• Exercise brief: Give the number of lines in the records that include the word "Gallery", and nothing besides.

[Records from a collection]

————

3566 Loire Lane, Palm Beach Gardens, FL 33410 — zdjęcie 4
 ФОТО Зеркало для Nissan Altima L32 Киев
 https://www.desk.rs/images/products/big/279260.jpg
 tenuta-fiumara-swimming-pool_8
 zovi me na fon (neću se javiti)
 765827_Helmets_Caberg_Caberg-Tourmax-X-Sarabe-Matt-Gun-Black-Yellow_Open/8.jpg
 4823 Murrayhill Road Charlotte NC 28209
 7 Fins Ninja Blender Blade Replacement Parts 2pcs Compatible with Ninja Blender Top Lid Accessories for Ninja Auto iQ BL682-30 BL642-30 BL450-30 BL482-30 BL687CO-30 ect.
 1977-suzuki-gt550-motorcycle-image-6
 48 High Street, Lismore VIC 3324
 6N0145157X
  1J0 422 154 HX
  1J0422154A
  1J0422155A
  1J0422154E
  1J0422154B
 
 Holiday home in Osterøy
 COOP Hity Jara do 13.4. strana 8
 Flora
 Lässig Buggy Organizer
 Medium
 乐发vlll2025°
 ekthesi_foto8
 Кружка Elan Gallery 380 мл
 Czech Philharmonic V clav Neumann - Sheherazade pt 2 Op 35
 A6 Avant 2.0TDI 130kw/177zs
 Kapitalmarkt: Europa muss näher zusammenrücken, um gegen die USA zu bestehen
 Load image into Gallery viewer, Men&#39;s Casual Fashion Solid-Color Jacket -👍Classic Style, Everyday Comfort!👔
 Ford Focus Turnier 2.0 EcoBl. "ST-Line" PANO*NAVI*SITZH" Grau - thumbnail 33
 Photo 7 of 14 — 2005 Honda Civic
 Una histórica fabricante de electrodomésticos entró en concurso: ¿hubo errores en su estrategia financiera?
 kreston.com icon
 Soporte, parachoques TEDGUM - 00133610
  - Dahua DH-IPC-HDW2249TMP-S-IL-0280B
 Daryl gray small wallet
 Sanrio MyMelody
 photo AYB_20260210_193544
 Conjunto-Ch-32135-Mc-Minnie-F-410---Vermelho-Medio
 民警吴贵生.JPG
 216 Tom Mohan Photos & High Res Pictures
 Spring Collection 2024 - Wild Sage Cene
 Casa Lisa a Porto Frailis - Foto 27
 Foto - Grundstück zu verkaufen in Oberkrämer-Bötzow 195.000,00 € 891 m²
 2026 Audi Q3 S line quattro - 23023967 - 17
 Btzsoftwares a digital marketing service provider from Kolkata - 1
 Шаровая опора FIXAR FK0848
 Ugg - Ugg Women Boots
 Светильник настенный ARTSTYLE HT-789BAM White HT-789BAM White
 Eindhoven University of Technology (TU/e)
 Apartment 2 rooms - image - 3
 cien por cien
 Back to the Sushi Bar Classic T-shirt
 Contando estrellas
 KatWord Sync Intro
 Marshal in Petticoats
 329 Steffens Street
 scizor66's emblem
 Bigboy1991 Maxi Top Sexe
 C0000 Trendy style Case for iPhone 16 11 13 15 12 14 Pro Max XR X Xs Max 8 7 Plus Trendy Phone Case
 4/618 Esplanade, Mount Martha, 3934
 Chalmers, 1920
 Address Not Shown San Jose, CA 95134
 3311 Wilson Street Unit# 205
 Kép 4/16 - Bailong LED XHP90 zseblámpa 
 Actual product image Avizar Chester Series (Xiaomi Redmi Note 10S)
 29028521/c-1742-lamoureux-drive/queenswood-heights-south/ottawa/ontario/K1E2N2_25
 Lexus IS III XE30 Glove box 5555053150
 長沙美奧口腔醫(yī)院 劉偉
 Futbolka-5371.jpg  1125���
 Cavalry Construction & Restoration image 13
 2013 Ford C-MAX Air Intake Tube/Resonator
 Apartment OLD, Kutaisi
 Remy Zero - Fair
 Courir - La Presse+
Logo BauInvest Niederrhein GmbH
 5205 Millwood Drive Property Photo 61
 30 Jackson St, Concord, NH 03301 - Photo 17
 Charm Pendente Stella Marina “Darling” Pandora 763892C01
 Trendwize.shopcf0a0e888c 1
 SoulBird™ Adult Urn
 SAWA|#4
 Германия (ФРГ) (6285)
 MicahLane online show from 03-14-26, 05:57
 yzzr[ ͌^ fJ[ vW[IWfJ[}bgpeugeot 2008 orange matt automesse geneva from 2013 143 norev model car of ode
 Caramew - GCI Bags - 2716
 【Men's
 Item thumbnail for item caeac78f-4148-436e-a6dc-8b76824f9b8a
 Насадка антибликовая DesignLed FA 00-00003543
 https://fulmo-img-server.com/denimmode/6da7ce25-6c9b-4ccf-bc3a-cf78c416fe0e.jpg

————

• Your solution: 2